B. The No Knowledge of the Understatement Requirement
of Section 6015(b)(1)(C)
Petitioner’s case is appealable to the Court of Appeals for
the Ninth Circuit. In omitted income cases under former section
6013(e)(1), the Court of Appeals for the Ninth Circuit and the
Tax Court have applied similar standards to decide whether the no
knowledge of the understatement requirement was met. See Guth v.
Commissioner, 897 F.2d 441, 444 (9th Cir. 1990), affg. T.C. Memo.
1987-522. In cases applying former section 6013(e)(1), we have
examined the facts and circumstances to ascertain whether a
taxpayer seeking relief from joint and several liability either
knew of the understatement or had reason to know of the
understatement at the time he or she signed the subject return.

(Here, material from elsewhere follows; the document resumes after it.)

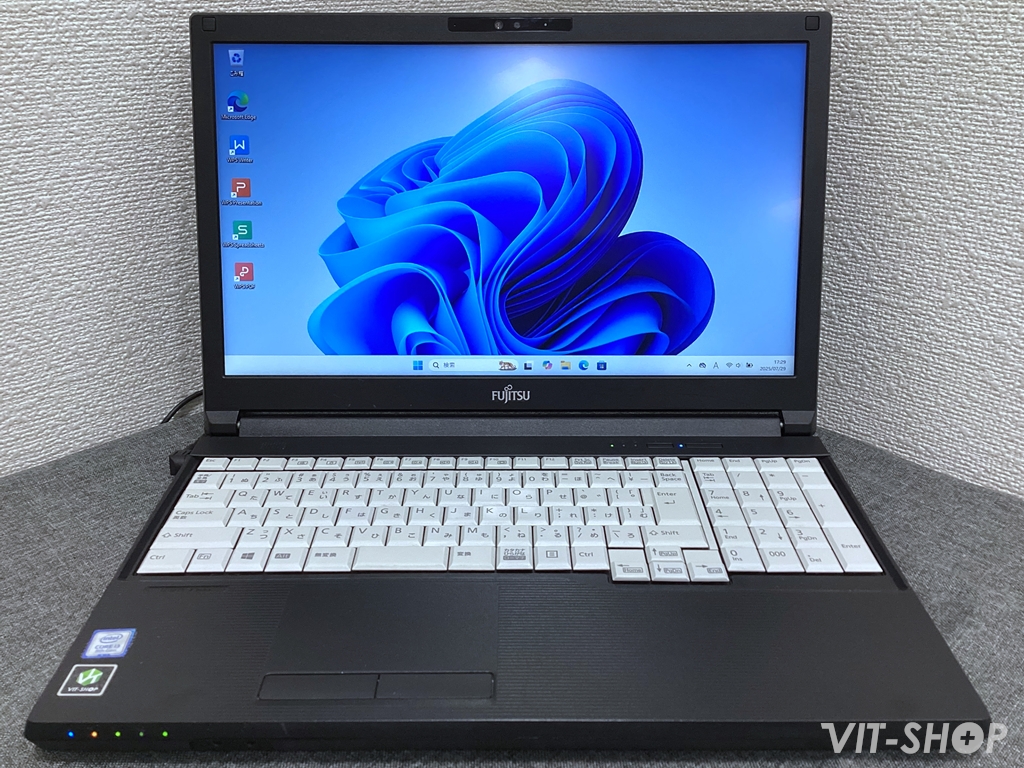 FUJITSU LIFEBOOK A579/CX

See Bokum v. Commissioner, 94 T.C. 126, 152-154 (1990), affd. 992
F.2d 1132 (11th Cir. 1993). If a taxpayer asserted that he did
not have reason to know of an understatement within the meaning
of section 6013(e)(1)(C), we have examined the taxpayer’s
knowledge of the transaction giving rise to the omitted income.
See id. We make the same analysis under section 6015(b)(1)(C).
See Cheshire v. Commissioner, supra at 192-193.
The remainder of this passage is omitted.